Stan Walker's family are to be part of a groundbreaking clinical trial scientists hope will cure them of the disease that has killed dozens of relatives.
Twenty-one years ago, Professor Parry Guilford discovered the Tauranga family had a faulty gene that causes about 80 per cent of people with it to develop stomach cancer.
He says he has been "fascinated ever since" and has devoted years to research in an attempt to come up with a cure.
That research includes growing tiny stomachs derived from mice in his lab at the University of Otago, on which he has been testing drugs.
Currently, the only treatment for those who carry the gene and develop cancer is to have their stomach removed, as Walker did last year.
But that can lead to several complications - as suffered by the pop star - and causes dramatic weight loss, and the patient's quality of life is affected because their diet is restricted.
Guilford is hoping one of the drugs he has developed will kill the disease so the stomach can remain.
He has developed hundreds over the years but narrowed his trials down to about 20.
The "micro-stomachs" or organoids are tiny tissue cultures that can only be seen through a microscope. Guilford says they allow him and his team to test the drugs on a more "realistic model" than the usual lab method of growing monolayers (a cell culture one cell thick) in plastic dishes.
"Those are such a long way away from the real world. In the real world, cells grow in three dimensions, its quite a complex system. So these are a step to having a much more natural system grown in the lab.
"We're getting strong leads on what drugs are going to be useful."
The next step is to test the drugs on live mice, which he hopes to start this year.
Then - Guilford hopes within about five years - human clinical trials will start.
After he discovered Walker's family's gene in 1997, he found 17 other families in New Zealand also carried it. Overseas scientists built on his research and hundreds of families around the world were also found to carry the gene.
Guilford hopes to have an initial test group of about 12 people, including members of Walker's family but possibly some internationally.
He would start with people who have the gene who have decided to have their stomachs removed. Some people have the surgery as a preventative measure before signs of cancer are obvious.
They would be given the drug a few months before their surgery and once the stomach is out, it would be analysed to see if there were any cancer lesions.
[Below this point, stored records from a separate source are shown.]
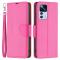 Xiaomi 12T / 12T Pro Fodral Shark Litchi Rosa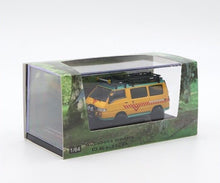 Load image into Gallery viewer, Autobots 1:64 Yellow Delica Camper Off Road Van Model Diecast Metal Car New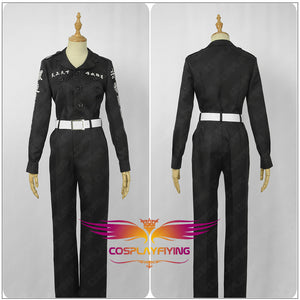 Anime Tokyo Revengers Boy Black Cosplay Costume Men Women Uniform Outfit Custom Made Carnival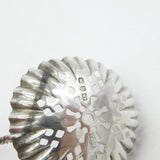 Victorian Sterling Silver Shell Pattern Apostle Caster Spoon 1897 Birmingham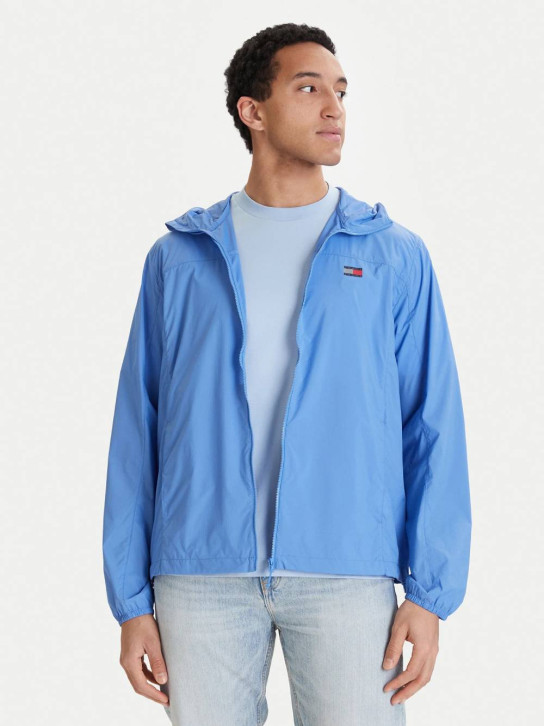 Tommy Jeans pánska modrá bunda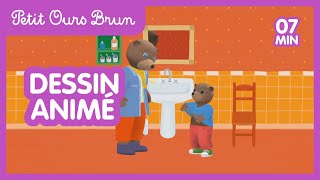 Petit Ours Brun 3d Petit Ours Brun N Aime Pas Se Laver Youtube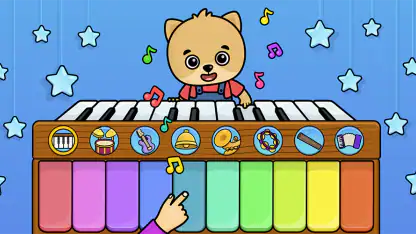Kinder Klavier - Baby Spiele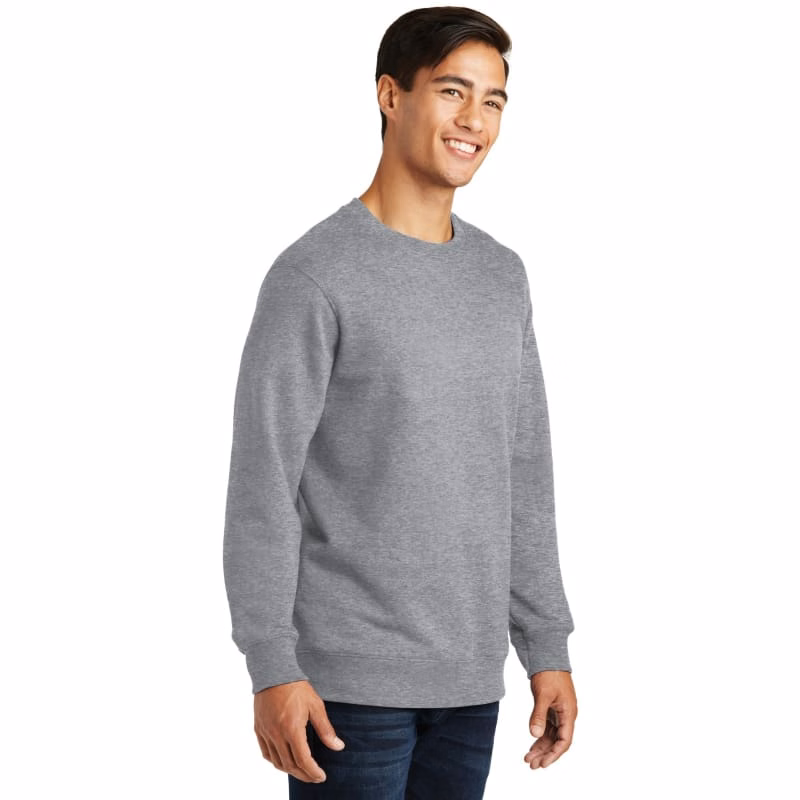 Port & Company Fan Favorite Fleece Crewneck Sweatshirt.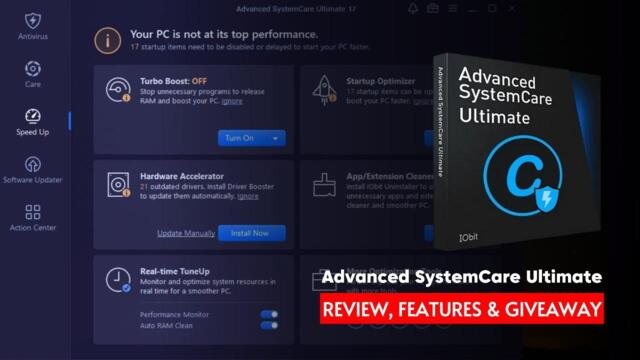 IObit Advanced SystemCare Ultimate 17: Ulasan & Fitur 2025 – Optimasi & Keamanan PC Terbaik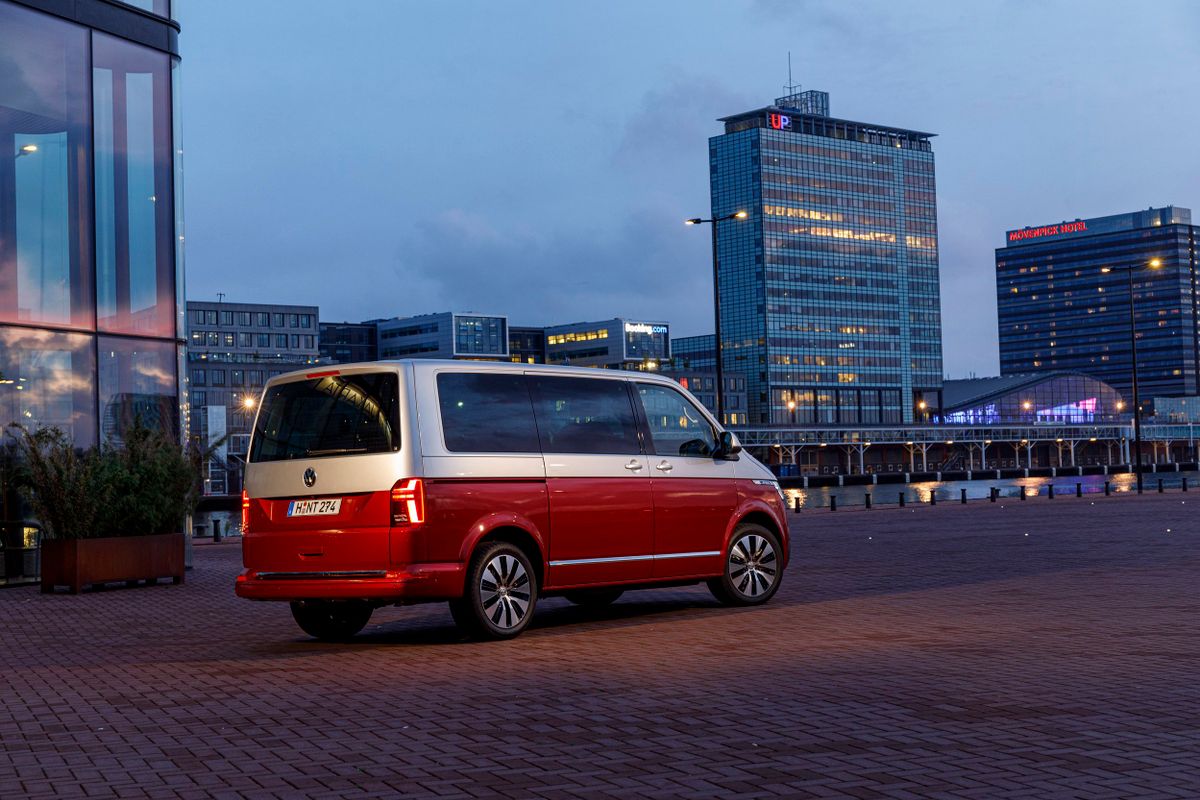 Volkswagen Multivan 2019. Bodywork, Exterior. Minivan, 6 generation, restyling
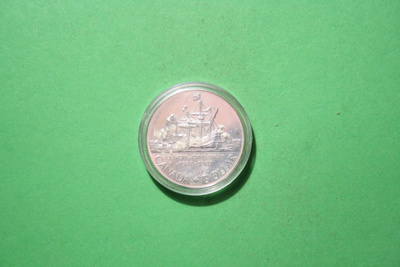 Hopea  Dollar 1587 -  1987 Canada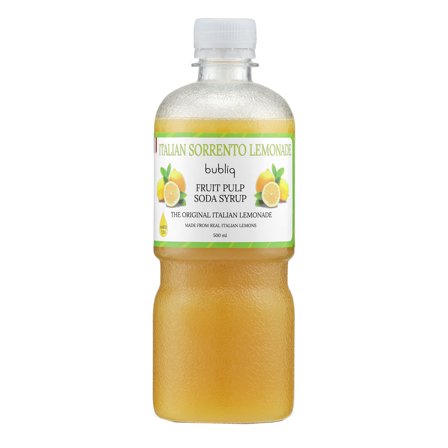 Bubliq Smaksättare Italian Sorrento Lemonade 500 ml | Fler produkter > Övrigt > Smaktillsättning | Bagaren och Kocken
Walker had 13 lesions before his stomach was removed.
"In 99 per cent of people with the mutation, you will find early stage disease in there," Guilford said.
"It's too small to be seen with an endoscope, but you will see it with a microscope.
"If we find that our drugs give us a series of patients who don't have any signs of cancer in their stomachs after they've received the drugs for a month or two, then we can be really confident the drugs are useful.
"What we are hoping for is we get a series of patients where we see nothing, their stomachs are clean."
If they get positive results, they want to test members of the family who decide to keep their stomach for as long as possible, administering them drugs over a longer period.
Guilford Expects the trial to take several years but he's hoping it will have implications for the more common form of stomach cancer not caused by the gene.
"That's a driver for us as well. In some ways we can use this as a model system for more cancers around the world," he said.
About 400,000 new cases of stomach cancer are reported worldwide each year.
The Walker family - with whom Guilford has stayed in touch with regularly over the past 21 years - was receptive to his research, he said.
They hadn't seen the lab stomachs yet but other families with the gene had.